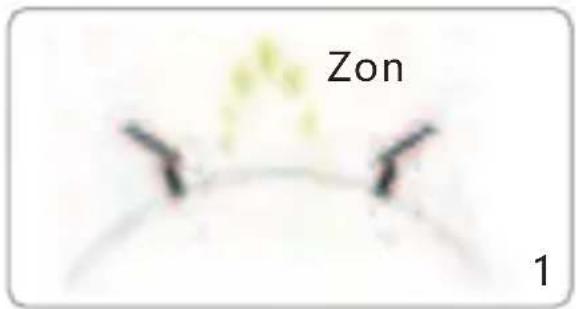 Zon 1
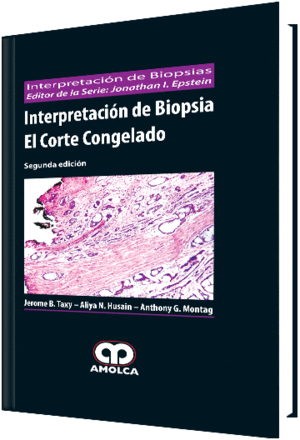 INTERPRETACION DE BIOPSIA. EL CORTE CONGELADO. 2� EDICI�N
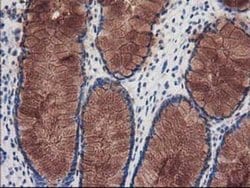 Invitrogen Katanin p80 Monoclonal Antibody (OTI5C4) 100 &mu;L; Unconjugated:Antibodies,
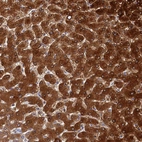 Immunohistochemical staining of human liver shows strong cytoplasmic positivity in hepatocytes.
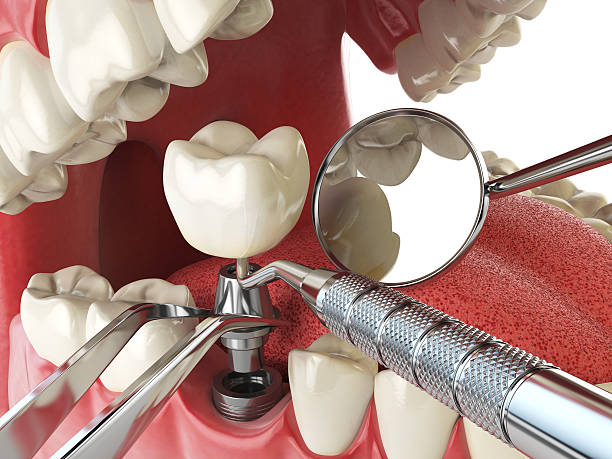 Best Emergency Root Canal Therapy in Gold Hill, OR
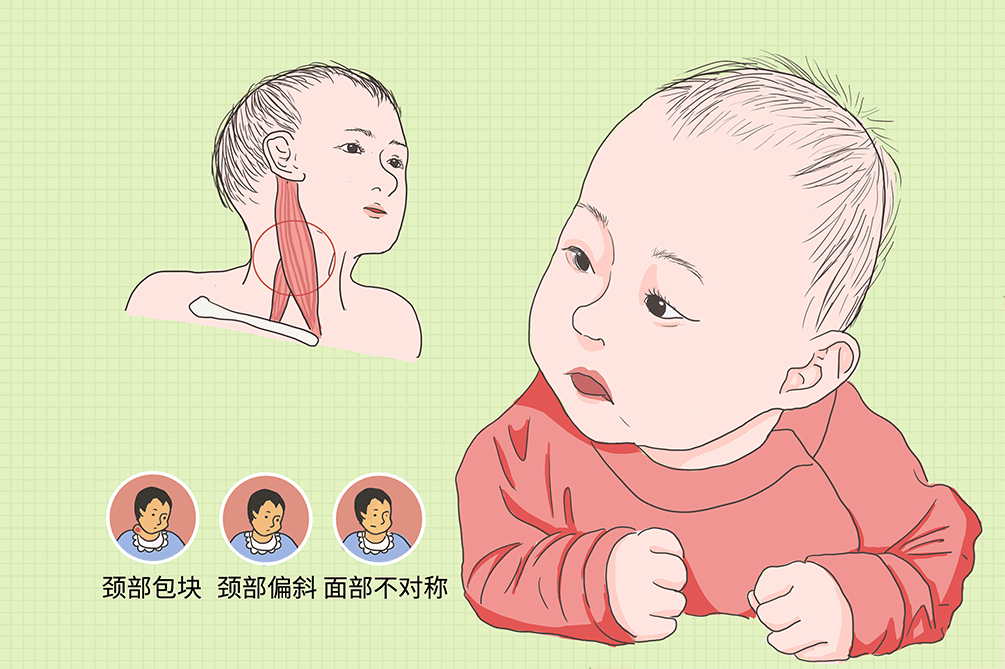 习惯性斜颈由于不良习惯引起颈部姿势不正引起多发生于婴儿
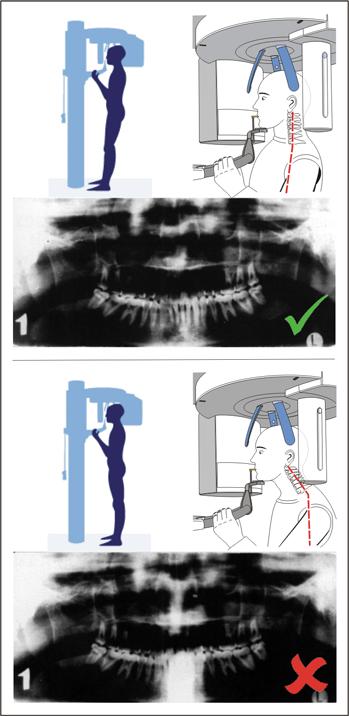 5 Uso 5.4 Radiografia panoramica e radiografia bite-wing 5. Verificare la posizione della colonna vertebrale.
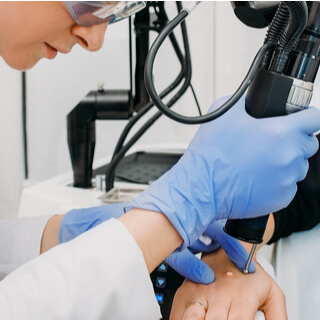 علاج الثآليل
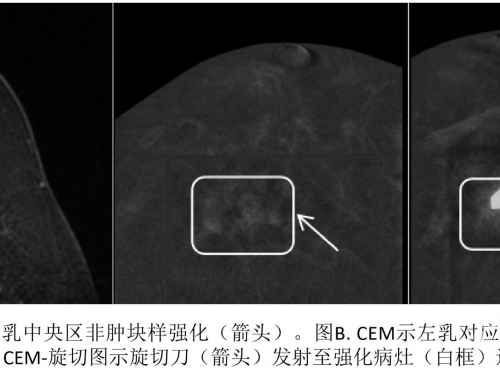 西南首发，我院成功开展乳腺CEM引导下真空辅助旋切活检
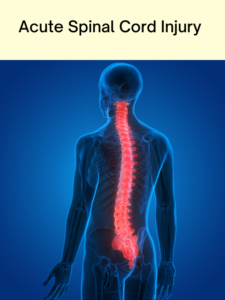 Coping with Acute Spinal Cord Injury: A Supportive Guide - NeuroHealth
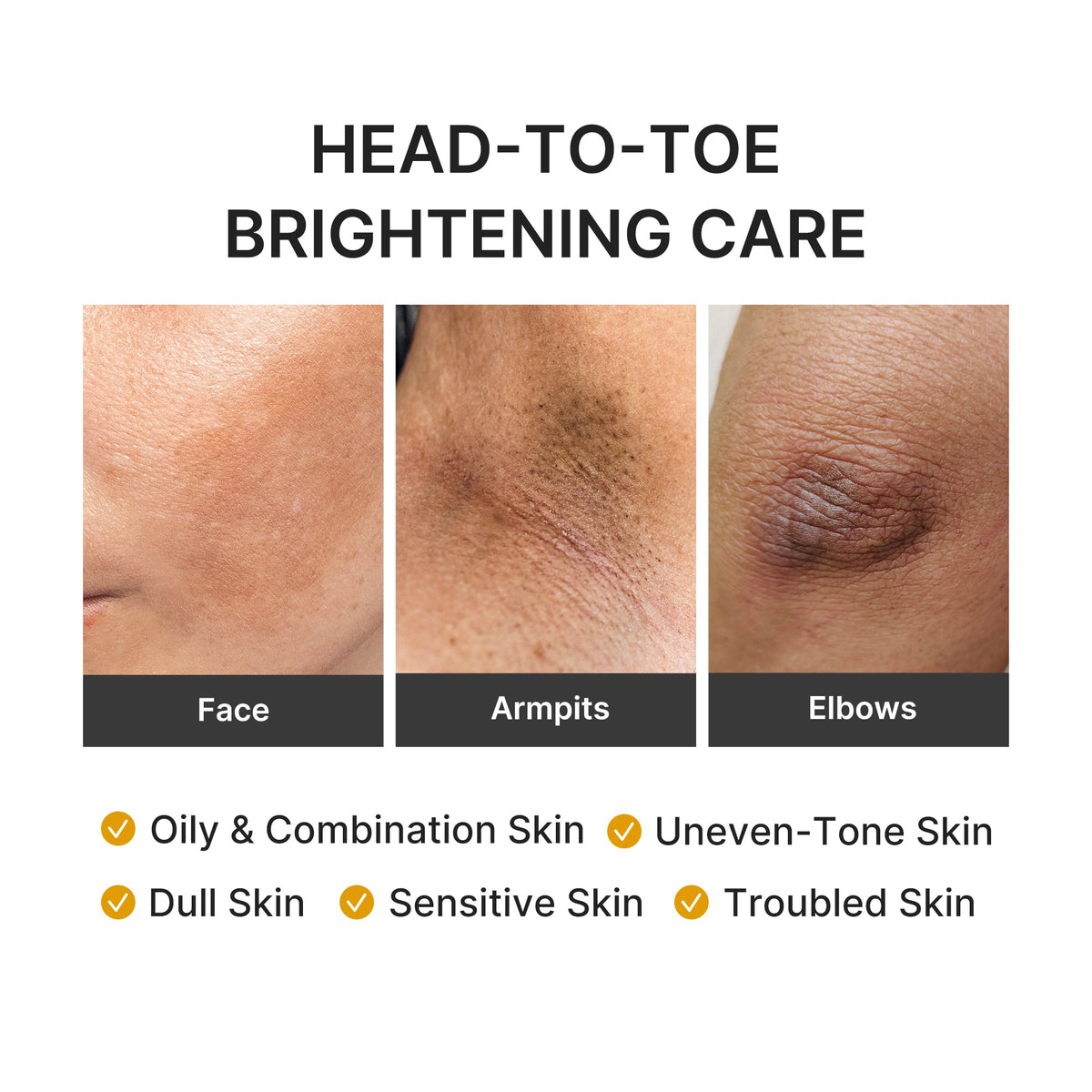 Head-to-toe brightening care for face, armpits and elbows; suits oily, combination, dull and uneven-tone skin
+++
*What the task asks*. The expected output is the full material above, word for word, without pictures.

*Answer to this task*.
 Zon 1
 INTERPRETACION DE BIOPSIA. EL CORTE CONGELADO. 2� EDICI�N
 Invitrogen Katanin p80 Monoclonal Antibody (OTI5C4) 100 &mu;L; Unconjugated:Antibodies,
 Immunohistochemical staining of human liver shows strong cytoplasmic positivity in hepatocytes.
 Best Emergency Root Canal Therapy in Gold Hill, OR
 习惯性斜颈由于不良习惯引起颈部姿势不正引起多发生于婴儿
 5 Uso 5.4 Radiografia panoramica e radiografia bite-wing 5. Verificare la posizione della colonna vertebrale.
 علاج الثآليل
 西南首发，我院成功开展乳腺CEM引导下真空辅助旋切活检
 Coping with Acute Spinal Cord Injury: A Supportive Guide - NeuroHealth
 Head-to-toe brightening care for face, armpits and elbows; suits oily, combination, dull and uneven-tone skin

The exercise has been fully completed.